(Dataset extract begins)

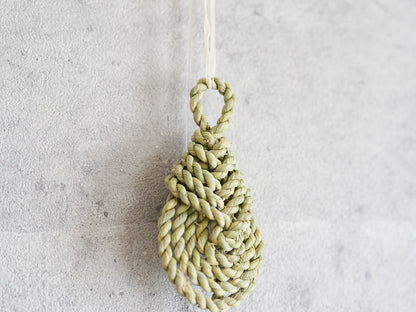 [Pre-order]Shimekazari "Myōga Broom" / Rice straw / Nagano-JPN 721047-1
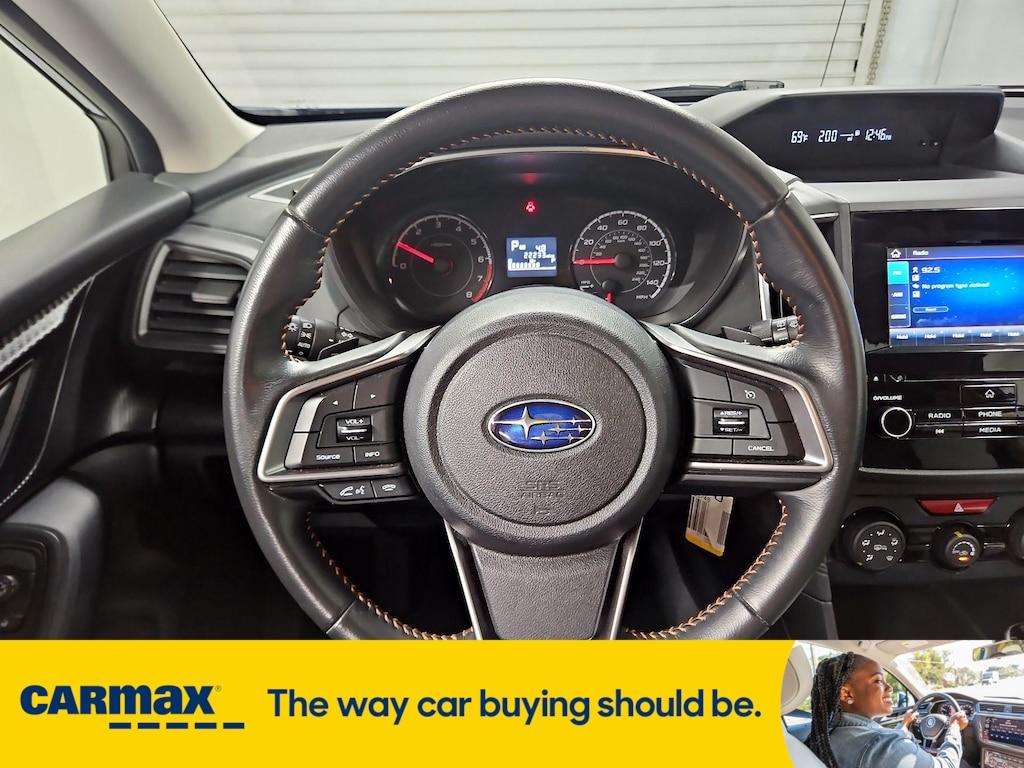 used 2019 Subaru Crosstrek car, priced at $24,998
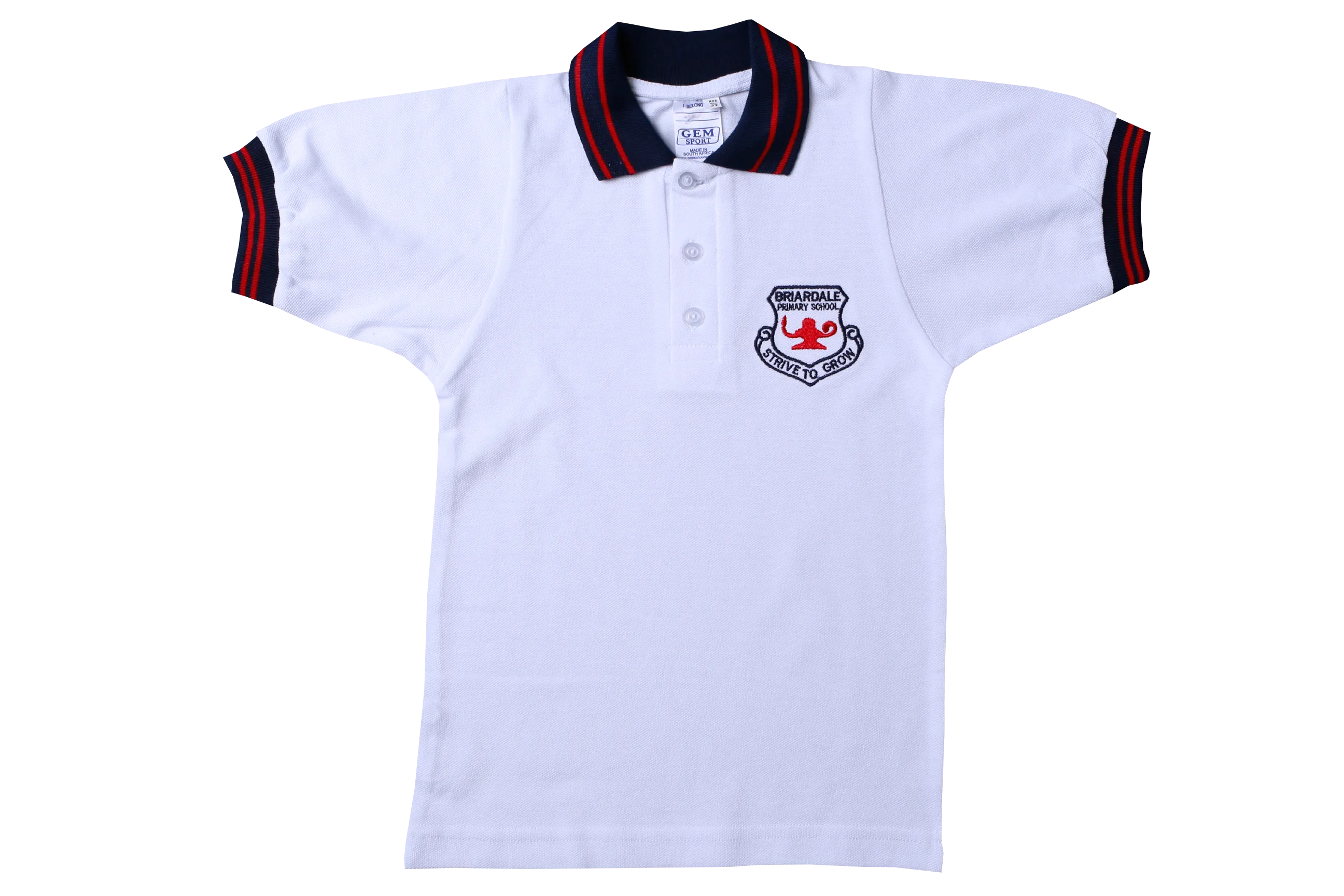 Golf Shirt EMB - Briardale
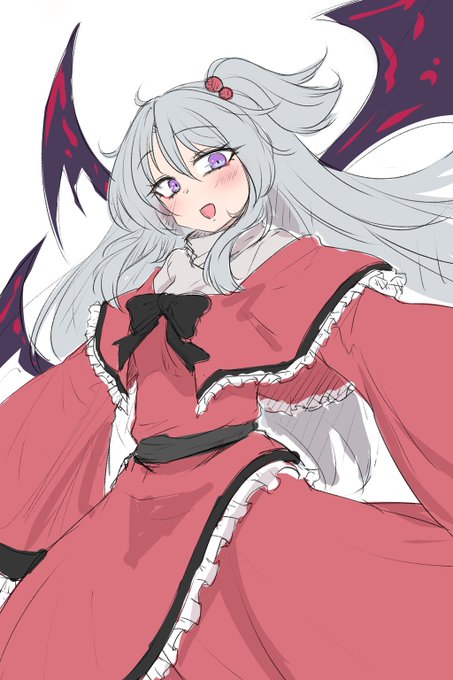 なんも思いつかなかったかららくがき再掲して寝るわね……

(Dataset extract ends)

| Instructions to follow |
Could you repeat each line above exactly as written? Omit the pictures.

| Answer for the task |
 [Pre-order]Shimekazari "Myōga Broom" / Rice straw / Nagano-JPN 721047-1
 used 2019 Subaru Crosstrek car, priced at $24,998
 Golf Shirt EMB - Briardale
 なんも思いつかなかったかららくがき再掲して寝るわね……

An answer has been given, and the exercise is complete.